Archive

hoarding

According to my Mom, everything is sentimental.  She keeps letters, books, five dollar knick nacks and clothing from the 70’s.  It doesn’t matter if someone gave her a two dollar candle back in 1985.  If it was a gift, it’s practically priceless.

“Ooh, look at that!”  She exclaimed on a recent visit.  She was talking about a cross necklace she found while rummaging through a pile of clothing.  She probably hadn’t given the gift a thought in three years.  “The minister gave me that.  I love it.”

I rolled my eyes.  “Mom, you’ve never even worn it and it was laying in a pile of junk.”  I tried to tell her.  “I’m totally calling that show ‘Hoarders'” I was only half joking.

“Oh, I know it.”  she’ll say agreeing with me.  “I’ve got to get in here and clean things out.”

Only nothing ever changes.

My Dad, when he was alive, was just as bad as my Mom hoarding tools and antique store “gems.”  I tried to talk to him about it once but didn’t really get anywhere.

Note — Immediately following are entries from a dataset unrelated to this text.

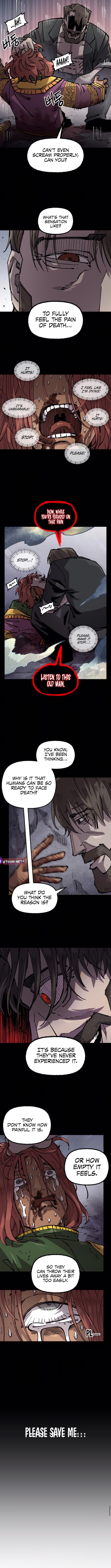 Reincarnation of the Veteran Soldier Chapter 162 - Page 9
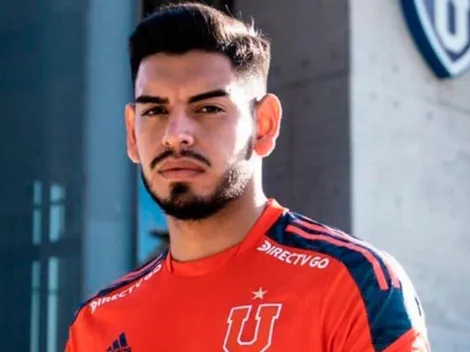 Carrasco responde a las críticas de los hinchas de la U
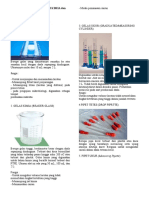 ALAT LAB KIMIA DAN BIOLOGI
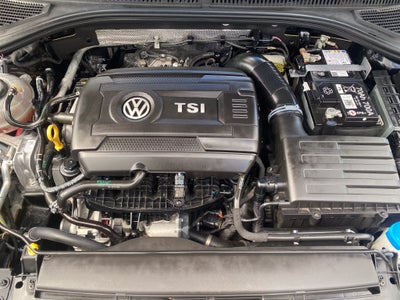 2025 Volkswagen Jetta GLI Base
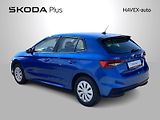 Škoda Fabia (2025) 1.0 MPI Selection - náhled 30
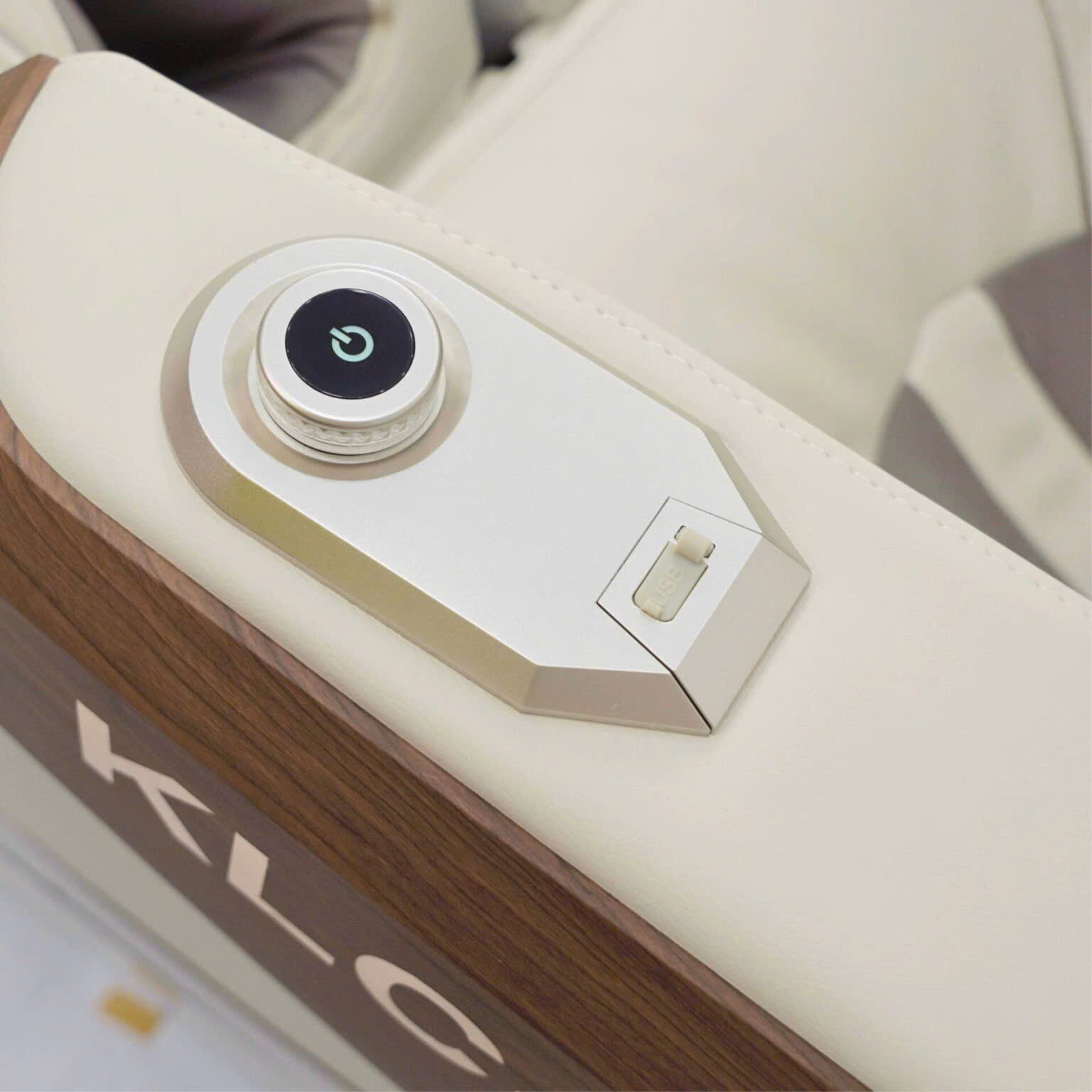 Ghế Massage KLC-RO68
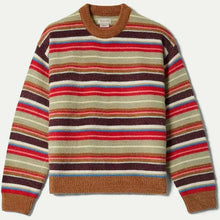 Load image into Gallery viewer, COZY CREW SWEATER BRIXTON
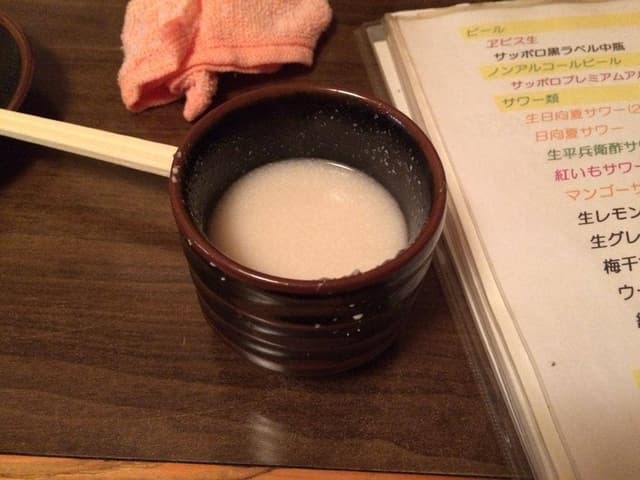 中目黒よだきんぼ - サブ画像1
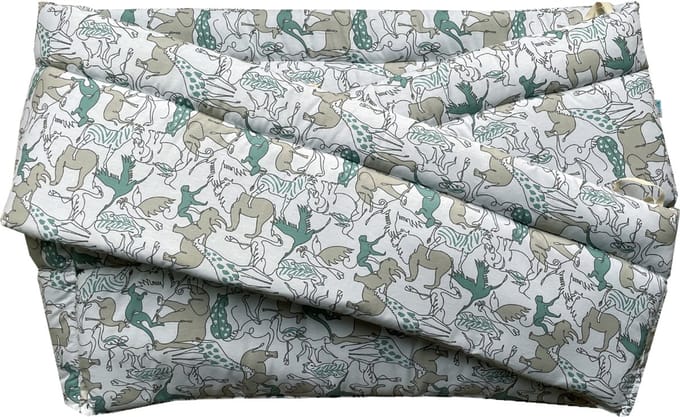 BINK Bedding Boxomranding Safari 75 / 95 / 75 / 95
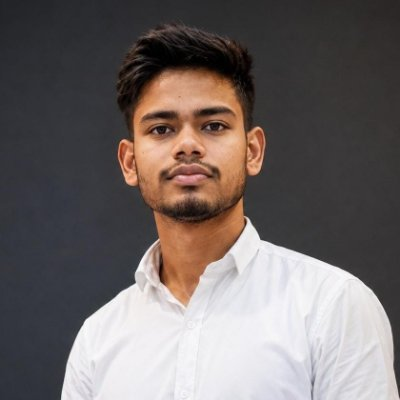 Rohit Kushwaha 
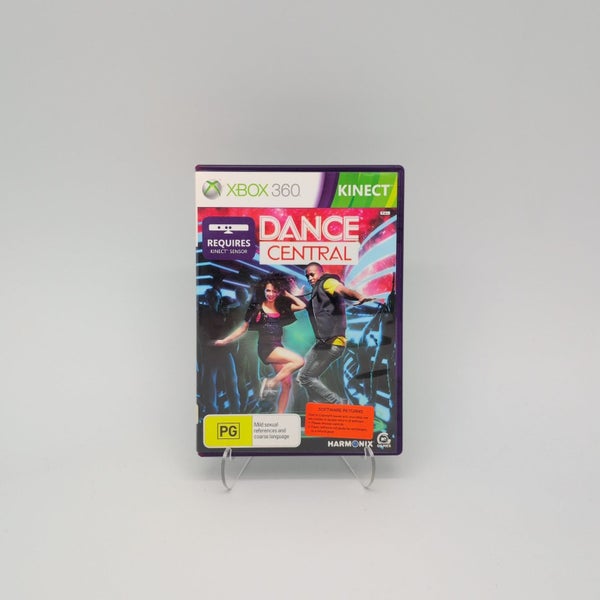 Dance Central (Xbox 360) Carousel 1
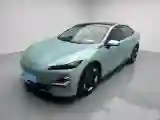 2022 DongFeng Forthing LingZhi EV BEV 68.4KWH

“We keep things because we’re from a different era.  When we were young things were harder to come by. We knew the value of a dollar”  he rationalized.

His argument was ridiculous.

First of all, my Dad and Mom both were born in the 50’s.   Not exactly the great depression.

And even if they had been teenagers right smack in the middle of the dust bowl, I dare say most people in the 30’s didn’t hoard.  They used stuff until it broke, then they fixed it.

As for my parents, they would not only buy a new mixer when theirs broke, they would never throw out the old one.  Then three years later they’d come across two others.   “In storage.”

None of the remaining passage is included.